Monthly Archives: May 2012

This update focuses on the Penberthy appliances: the injector and the boiler sight glass (sometimes shorthanded as “waterglass”).

The injector is a fairly important part of the locomotive. It allows the crew to add water to the boiler. Now, since the water in the boiler is pressurized (125 psi, or 8.5 atm gage), and the water in the tender is at a cool 1 atm, it requires work to put 1 atm water from the tender to the 8.5 atm boiler. In the 1800’s, the crew used to have a hand pump, and that gets tiresome quickly. The period that the CK Holliday represents had a crosshead driven pump, but that only works when the crosshead is in motion–that is, when the engine is moving.

So, the injector was invented to literally inject the water into the pressurized boiler. It works by combining steam and water in a chamber, and shoots this water/steam mixture out of its outlet. This is a very simplified explanation, and of course there is a lot going on inside this “mixing” chamber.

Here’s how the injector is laid out on the CK Holliday.

The above is the right-hand injector (engineer’s side). There are two injectors, one on each side (not shown). Generally, only the fireman operates the injector (left side), so the plumbing you see above will mostly go unused!

The water supply comes from the tender. It’s plumbed under the running board and up into the injector. The boiler feed water pipe also runs similarly under the running board, which goes to a check valve so that the boiler’s internal pressure does not release its water out the feed pipe. The injector overcomes the boiler’s internal pressure by about 50 psi. Update: Steve D at Burnsland corrected me. The overcoming pressure from the injector is actually about 8 psi.

The water sight glass, also by Penberthy, is a simple device that allows the crew to visually monitor the boiler’s water level. Its plumbing is made to simply allow the water in the boiler to rise up the waterglass. Reading the glass takes some experience, as the water will not necessarily read to its true level while the engine is in motion.

Plumbing is quite a tedious process!

The backhead is being fitted with valves, gauges, pipes, and levers.

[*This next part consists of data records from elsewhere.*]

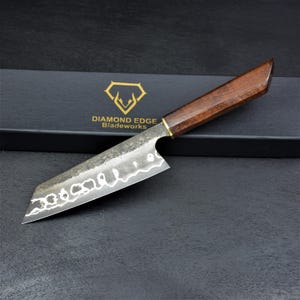 May include: A kitchen knife with a dark, textured metal blade featuring a wavy hamon line and a polished wooden handle. The knife rests on a black box labeled with the gold Diamond Edge Bladeworks logo and text, showcasing a sharp, pointed tip.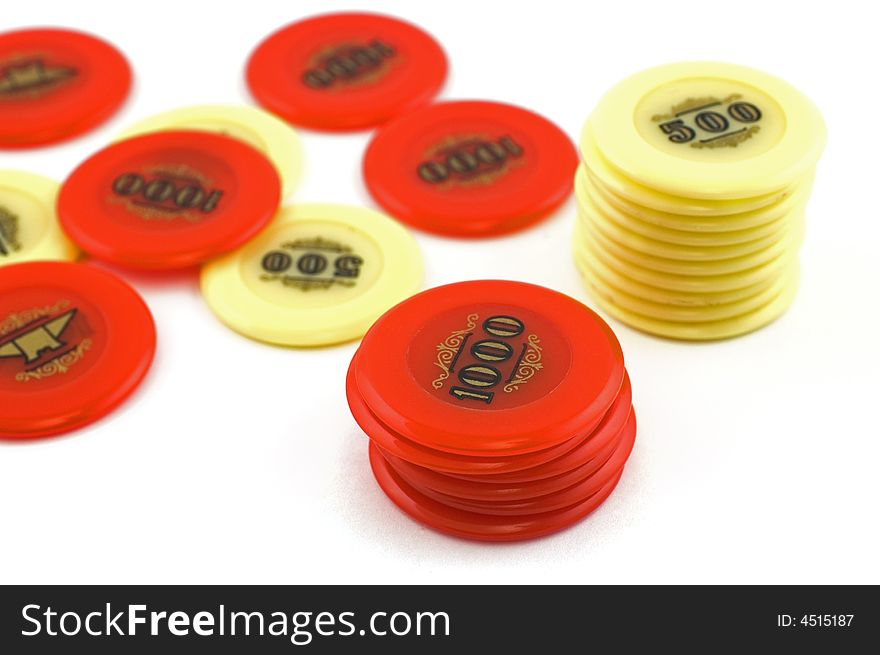 Red and yellow  casino chips isolated on white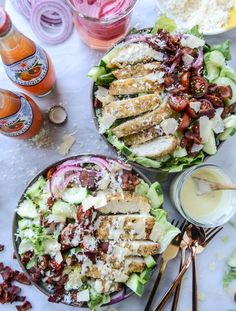 two plates filled with salad and dressing on a table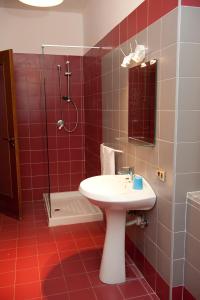 Baño de azulejos rojos con lavabo y ducha en Elena Residence, en Torchiara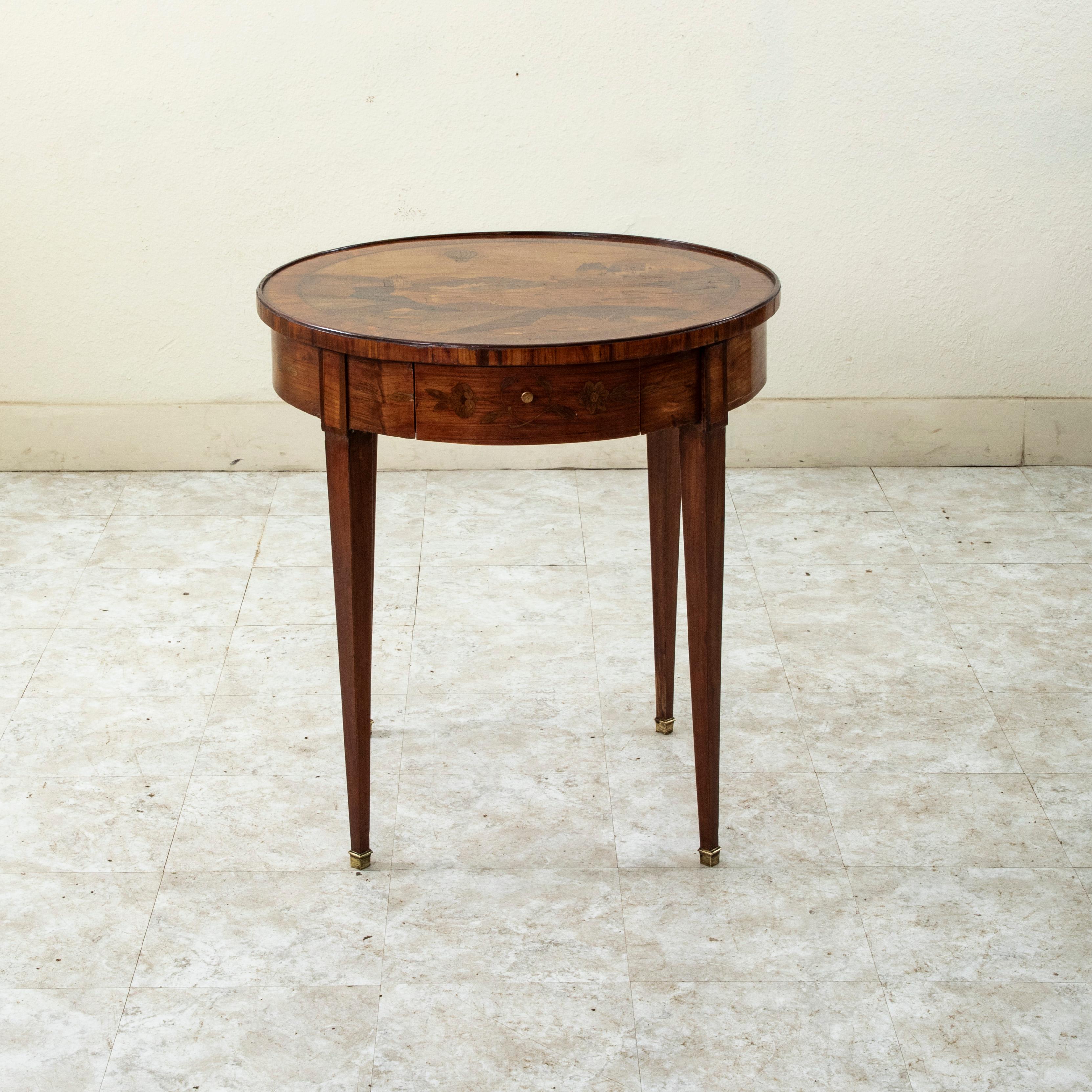 This mid nineteenth century Louis XVI style marquetry side table features a marquetry top in walnut, mahogany, and lemonwood that depicts a genre scene of onlookers at a chateau watching a hot air balloon in flight. The apron displays a a floral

The two gauges are Ashcroft boiler pressure gauge and duplex air brake gauge. The “U” shaped pipes to the left and right will feed the steam to the left and right injectors. The top three red valve wheels will feed the blower, air pump, and atomizer respectively. And the large red wheel just below and behind the air brake gauge is the main header valve.

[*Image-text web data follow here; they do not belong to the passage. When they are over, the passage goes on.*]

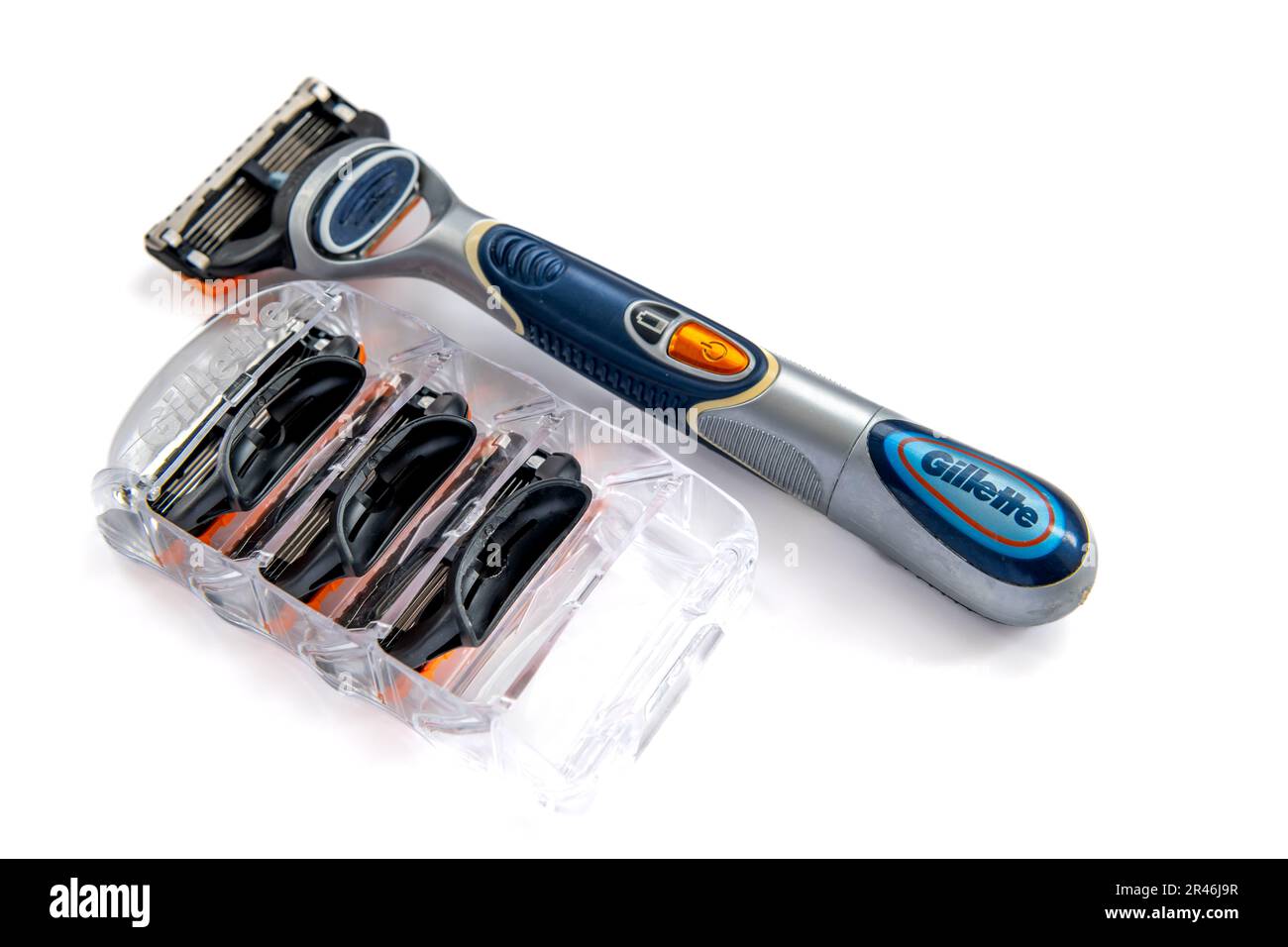 London. UK- 05.21.2023. A Gillette razor and replacement blades isolated in white. Stock Photo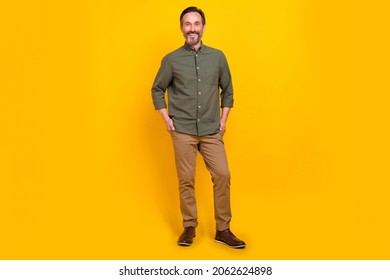 Full length body size view of attractive cheerful man employer holding hands in pockets isolated over vivid yellow color background - Shutterstock ID 2062624898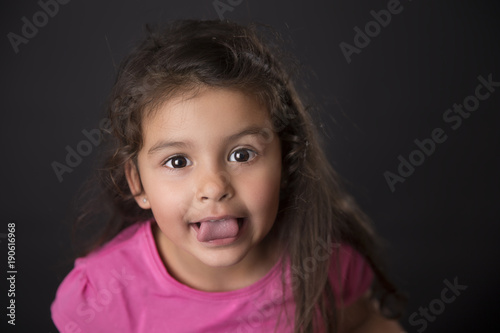 Portrait of lovely baby girl sticking tongue out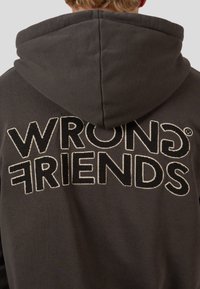 Tmavě šedá mikina s kapucí, na které je vzadu velký kontrastní nápis "WRONG FRIENDS" vyšitý v černé a bílé barvě. Disponuje prostornou kapucí.
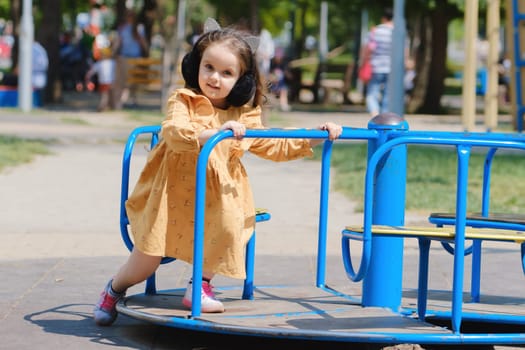 Happy little girl is playing on the playground in the park.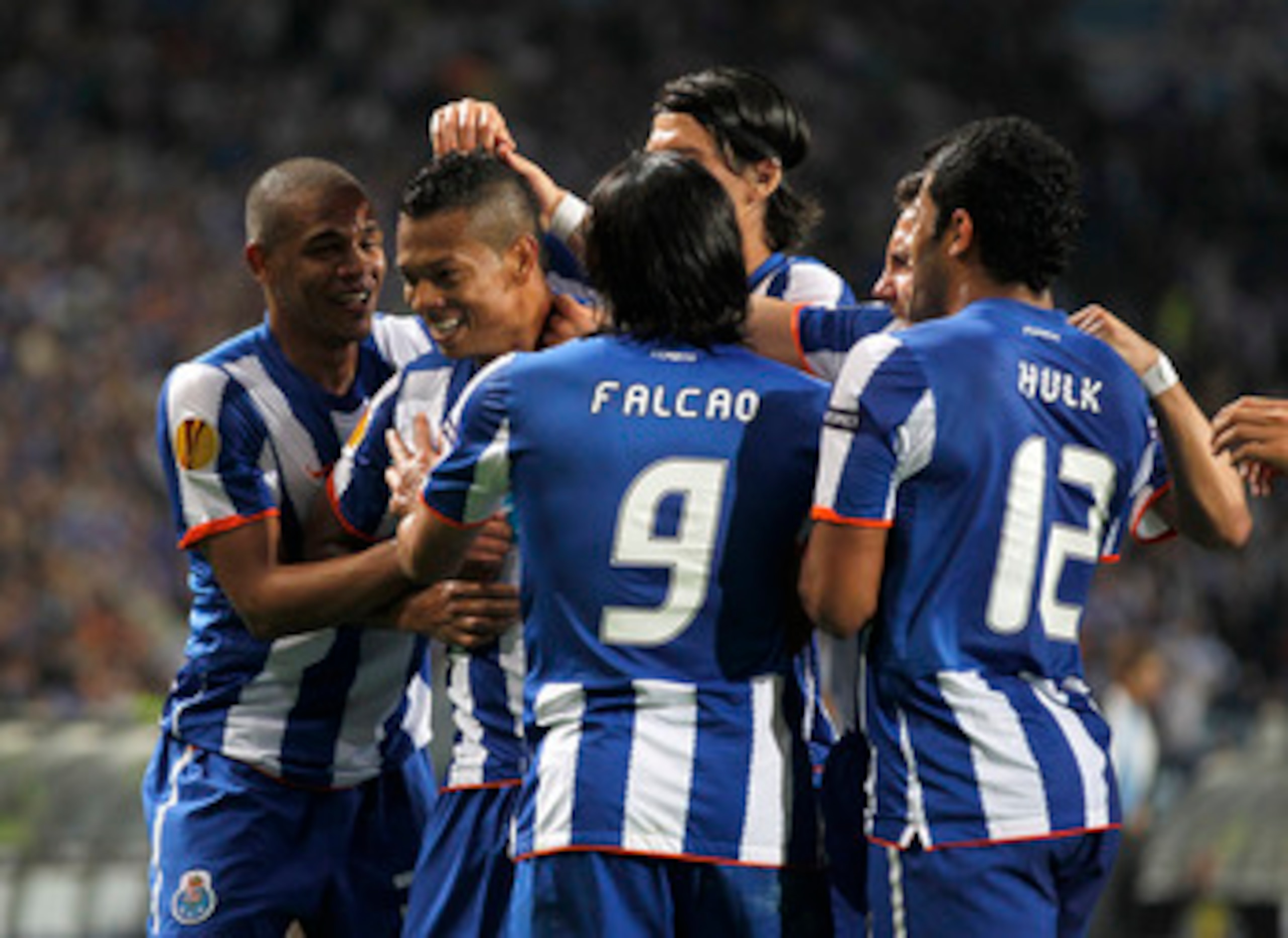 PORTO, PORTUGAL - APRIL 28: Fredy Guarin (2nd L) of FC Porto celebrates with team mates after scoring his side second goal during the UEFA Europa League semi final first leg match between FC Porto and Villarreal at Estadio do Dragao on April 28, 2011 in PORTO, PORTUGAL - APRIL 28: Fredy Guarin (2nd L) of FC Porto celebrates with team mates after scoring his side second goal during the UEFA Europa League semi final first leg match between FC Porto and Villarreal at Estadio do Dragao on April 28, 2011 in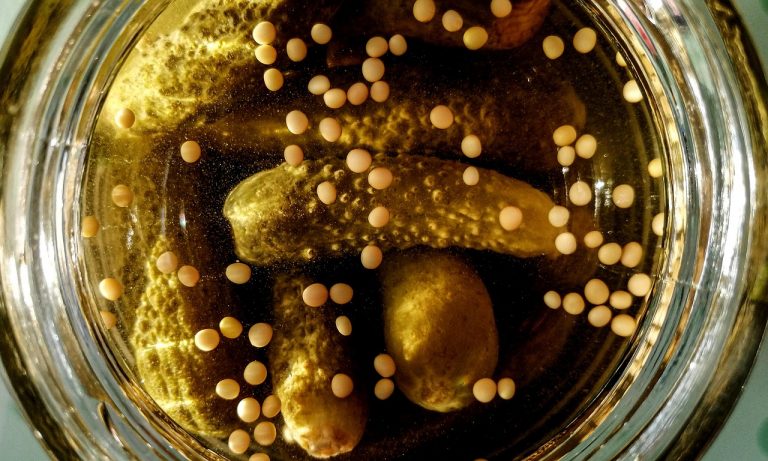 Pickles and mustard seeds in brine jar.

All the steam appliances will be supplied from the steam manifold behind the boiler gauge. It’s the large, short cylindrical pipe in the picture above.

On the back of the boiler, the red valve with four spokes is part of the water glass piping. To its right is the throttle. The oval hole below that is a boiler washout. The two diagonal red valves are the dual cocks, and finally the vertical bar is the reversing bar.

The throttle is locked in place by a quadrant with teeth. It operates much like the reversing bar, using a latch-spring type mechanism. Its operation is quite interesting as the quadrant moves with the throttle when operated. I’ll post a video of this up later.

And now, just some overall shots of the progress:

The CK Holliday uses several different types of valves. I’ve made the first two types to use on the model:

The main header valve is a 2″ model. It’s mounted on top of the boiler and allows steam to be supplied to the appliances in the cab.

The dual-cocks are 0.5in type. Note the funnel at the bottom that allow steam or water to exit.

Both valves were made per Lukenheimer’s specs. However, these valves get replaced time to time, so the type that you’ll see in person or in pictures will differ slightly. I am modeling the valves as they would typically appear.

The Fullerton RR day last weekend was a lot of fun, and I even learned a thing or two!

DLR did not bring out an engine to show this year, but they had the Lilly Belle the coach and the display boiler–the same boiler that is kept in the roundhouse as a learning tool:

Now it has been painted to make identifying parts of the boiler easier. Here are some pictures from Saturday:

I felt triumphal in finding that almost everything I modeled is correct to the real counterpart. There were some parts that needed changing, mainly:

• Change flues from 2″ OD to 1″ OD
• Change the t-pipe from welded to bolted connection
• Change number of stay bolts across the boiler
• Add tube sheet bracing above the firebox

And I finally have access to the ashpan.

My updated model is below:

The ashpan has a narrow grate at the bottom to allow embers to be cleared out and air to flow in. There’s also a 12″ access panel bolted to the bottom.

The sand dome base, made of cast iron, is attached to the boiler below. It’s held in position by 2 1″ bolts welded to the boiler.